The two-day Jubilee of People with Disabilities began on April 28 as part of the 2025 jubilee year.

Archbishop Rino Fisichella, who served as one of the two pro-prefects of the Dicastery for Evangelization until the Pontiff’s death, celebrated Mass for participants in the Basilica of Saint Paul Outside the Walls.

“I think it was a gift to be at this Mass,” said a father of children with Down syndrome. “People with disabilities don’t always experience that. Sometimes they experience the Church as their home. But as often as not, they experience marginalization in the Church or isolation in the Church, not necessarily by malice, but just a failure to appreciate the kinds of accommodations that they need.”

Cardinals discuss social issues, individualism, relativism (CWN)

On April 29, members of the College of Cardinals met in their sixth general congregation since Pope Francis’s death. 183 of the 252 members of the College of Cardinals—including 124 of the cardinal electors—were in attendance, the Vatican newspaper reported.

Mexican archdiocese launches buyback program for guns, ammunition (Border Report)

The Archdiocese of Tijuana has issued an offer to buy guns and ammunition from the public, with no questions asked, in a bid to combat violence at the border.

Archbishop Francisco Moreno Barrón said that the plan was conceived in cooperation with Mexican President Claudia Sheinbaun, who visited Tijuana last November. Parishoners are being encouraged to surrender their firearms, with payment offered according to the market value of the weapons.

At conclave, 'we are never passive bystanders'--Bishop Varden (Pillar)

Bishop Erik Varden of Trondheim, a Trappist monk who has gained a wide following for his spiritual insights (posted on his Coram Fratribus web site), spoke with The Pillar about the coming papal conclave, dismissing the notion that lay people can only watch the process helplessly.

“In the Church we are never passive bystanders,” Bishop Varden insisted.

Although the papal interregnum is “an uncomfortable state of affairs,” the Norwegian bishop argued that “there is no need, really, to fret. I’d say this is a good time to do the exact opposite: to practice silence and peace.”

Bishop Varden also cautioned against thinking that one prelate would “win” the election. “Do we think of the weight that will be placed on the future pope’s shoulders from the moment of his acceptance? Do we consider the account he will one day have to render to the Judge of all?”

Do not be afraid of 'necessary changes' in the Church, Cardinal Reina preaches (Vatican Press Office)

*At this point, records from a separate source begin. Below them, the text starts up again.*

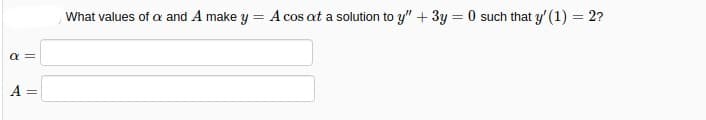 What values of a and A make y
A cos at a solution to y" + 3y = 0 such that y' (1) = 2?
%3D
a =
A =
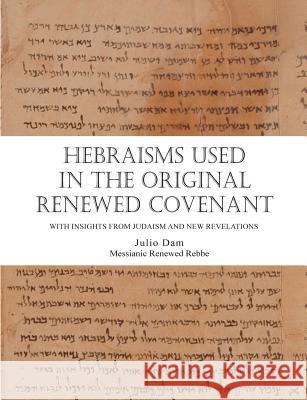 Hebraisms in the Original Renewed Covenant Rabbi Julio Dam 9781941173121 Olive Press Publisher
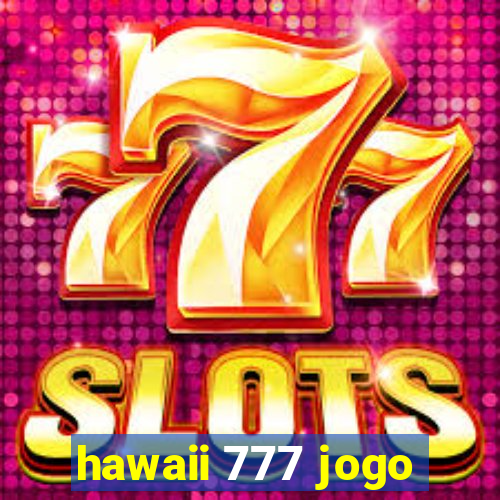 hawaii 777 jogo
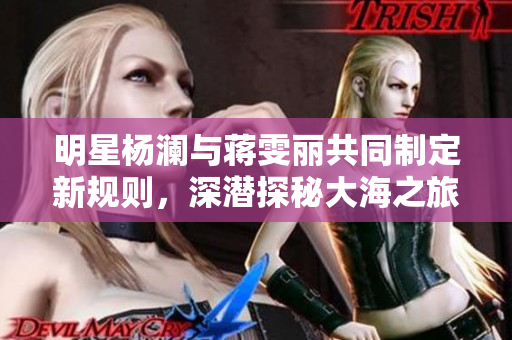 明星楊瀾與蔣雯麗共同制定新規則，深潛探秘大海之旅喚醒你的勇氣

Cardinal Baldassare Reina, vicar general of His Holiness for the Diocese of Rome, celebrated the third of the novendiali Masses for the repose of the soul of Pope Francis (booklet, video).

“In these days, Rome is a people that mourns its Bishop, a people together with other peoples who have waited in line, finding a place within the city in order to weep and pray, like sheep without a shepherd,” he preached in St. Peter’s Basilica on the evening of April 28.

The 54-year-old cardinal—whose rise in the hierarchy in recent years has been meteoric—added:

And this cannot be the time for maneuvers, tactics, caution—not a time to follow the instinct to turn back, or worse, to retaliate or seek alliances of power. What is needed is a radical willingness to enter into God’s dream, entrusted to our poor hands ...

Faced with the proclamation of this newness, we cannot give in to that mental and spiritual indolence that binds us to the forms of experience of God and ecclesial practices known in the past, and which we would wish to be repeated ad infinitum, subjugated by the fear of the losses attached to necessary changes ...

To seek a shepherd today means above all to seek a guide who knows how to manage the fear of losses faced with the needs of the Gospel ... To seek a shepherd who confirms that we must walk together, forming ministries and charisms; we are a People of God constituted to proclaim the Gospel.